### WORK REQUEST
Please start at the first line of the records beneath and quote each line exactly, ending with the line containing "A modern hotel".

### TASK INPUTS
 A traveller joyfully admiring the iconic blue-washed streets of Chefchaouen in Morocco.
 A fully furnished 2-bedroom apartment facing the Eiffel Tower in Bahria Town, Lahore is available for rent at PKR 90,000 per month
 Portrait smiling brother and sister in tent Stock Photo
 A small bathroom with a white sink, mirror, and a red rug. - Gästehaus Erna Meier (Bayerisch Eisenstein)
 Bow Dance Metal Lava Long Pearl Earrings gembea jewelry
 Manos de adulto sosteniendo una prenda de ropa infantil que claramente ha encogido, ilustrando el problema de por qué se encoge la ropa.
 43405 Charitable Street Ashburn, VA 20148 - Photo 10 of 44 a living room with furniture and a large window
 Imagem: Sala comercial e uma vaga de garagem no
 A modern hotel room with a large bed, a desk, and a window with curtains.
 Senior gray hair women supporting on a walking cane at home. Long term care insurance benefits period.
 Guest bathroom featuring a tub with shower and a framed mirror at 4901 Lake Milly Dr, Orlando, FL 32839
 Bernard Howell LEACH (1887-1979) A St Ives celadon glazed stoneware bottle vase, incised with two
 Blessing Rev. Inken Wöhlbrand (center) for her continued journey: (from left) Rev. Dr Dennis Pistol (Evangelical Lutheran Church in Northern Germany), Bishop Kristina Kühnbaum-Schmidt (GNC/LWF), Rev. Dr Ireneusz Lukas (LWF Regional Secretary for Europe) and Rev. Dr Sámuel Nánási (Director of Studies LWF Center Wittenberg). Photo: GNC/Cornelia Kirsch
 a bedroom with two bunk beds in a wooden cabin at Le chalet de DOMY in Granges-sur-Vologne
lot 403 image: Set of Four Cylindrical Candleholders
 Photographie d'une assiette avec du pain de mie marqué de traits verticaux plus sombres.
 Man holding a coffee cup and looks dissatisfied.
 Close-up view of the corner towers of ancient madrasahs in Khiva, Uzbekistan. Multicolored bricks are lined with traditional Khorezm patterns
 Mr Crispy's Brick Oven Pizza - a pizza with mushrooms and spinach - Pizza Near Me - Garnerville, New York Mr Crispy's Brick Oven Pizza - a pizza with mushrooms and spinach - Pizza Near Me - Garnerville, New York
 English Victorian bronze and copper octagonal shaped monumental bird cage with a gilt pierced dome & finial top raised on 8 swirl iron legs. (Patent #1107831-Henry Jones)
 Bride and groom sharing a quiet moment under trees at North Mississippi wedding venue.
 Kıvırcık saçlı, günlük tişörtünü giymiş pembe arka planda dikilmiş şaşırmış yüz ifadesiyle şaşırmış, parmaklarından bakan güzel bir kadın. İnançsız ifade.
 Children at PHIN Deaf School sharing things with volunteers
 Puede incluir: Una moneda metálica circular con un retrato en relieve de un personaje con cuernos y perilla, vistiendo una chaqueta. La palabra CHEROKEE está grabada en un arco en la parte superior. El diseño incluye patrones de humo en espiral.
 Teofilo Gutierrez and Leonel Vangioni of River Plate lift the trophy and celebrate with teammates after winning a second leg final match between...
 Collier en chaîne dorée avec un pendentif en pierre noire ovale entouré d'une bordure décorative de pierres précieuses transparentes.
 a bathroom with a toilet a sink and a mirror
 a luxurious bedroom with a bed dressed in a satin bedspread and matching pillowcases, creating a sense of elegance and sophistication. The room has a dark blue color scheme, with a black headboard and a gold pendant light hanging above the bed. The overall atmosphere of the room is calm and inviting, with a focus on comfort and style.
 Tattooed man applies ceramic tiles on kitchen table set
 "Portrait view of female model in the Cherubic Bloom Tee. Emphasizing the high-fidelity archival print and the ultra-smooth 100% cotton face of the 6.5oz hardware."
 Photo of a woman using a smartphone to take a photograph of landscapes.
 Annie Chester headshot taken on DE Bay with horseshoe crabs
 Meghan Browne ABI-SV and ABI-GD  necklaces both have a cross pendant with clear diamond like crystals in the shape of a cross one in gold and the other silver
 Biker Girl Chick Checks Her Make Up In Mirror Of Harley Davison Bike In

### RESPONSE TO THE EXERCISE
 A traveller joyfully admiring the iconic blue-washed streets of Chefchaouen in Morocco.
 A fully furnished 2-bedroom apartment facing the Eiffel Tower in Bahria Town, Lahore is available for rent at PKR 90,000 per month
 Portrait smiling brother and sister in tent Stock Photo
 A small bathroom with a white sink, mirror, and a red rug. - Gästehaus Erna Meier (Bayerisch Eisenstein)
 Bow Dance Metal Lava Long Pearl Earrings gembea jewelry
 Manos de adulto sosteniendo una prenda de ropa infantil que claramente ha encogido, ilustrando el problema de por qué se encoge la ropa.
 43405 Charitable Street Ashburn, VA 20148 - Photo 10 of 44 a living room with furniture and a large window
 Imagem: Sala comercial e uma vaga de garagem no
 A modern hotel room with a large bed, a desk, and a window with curtains.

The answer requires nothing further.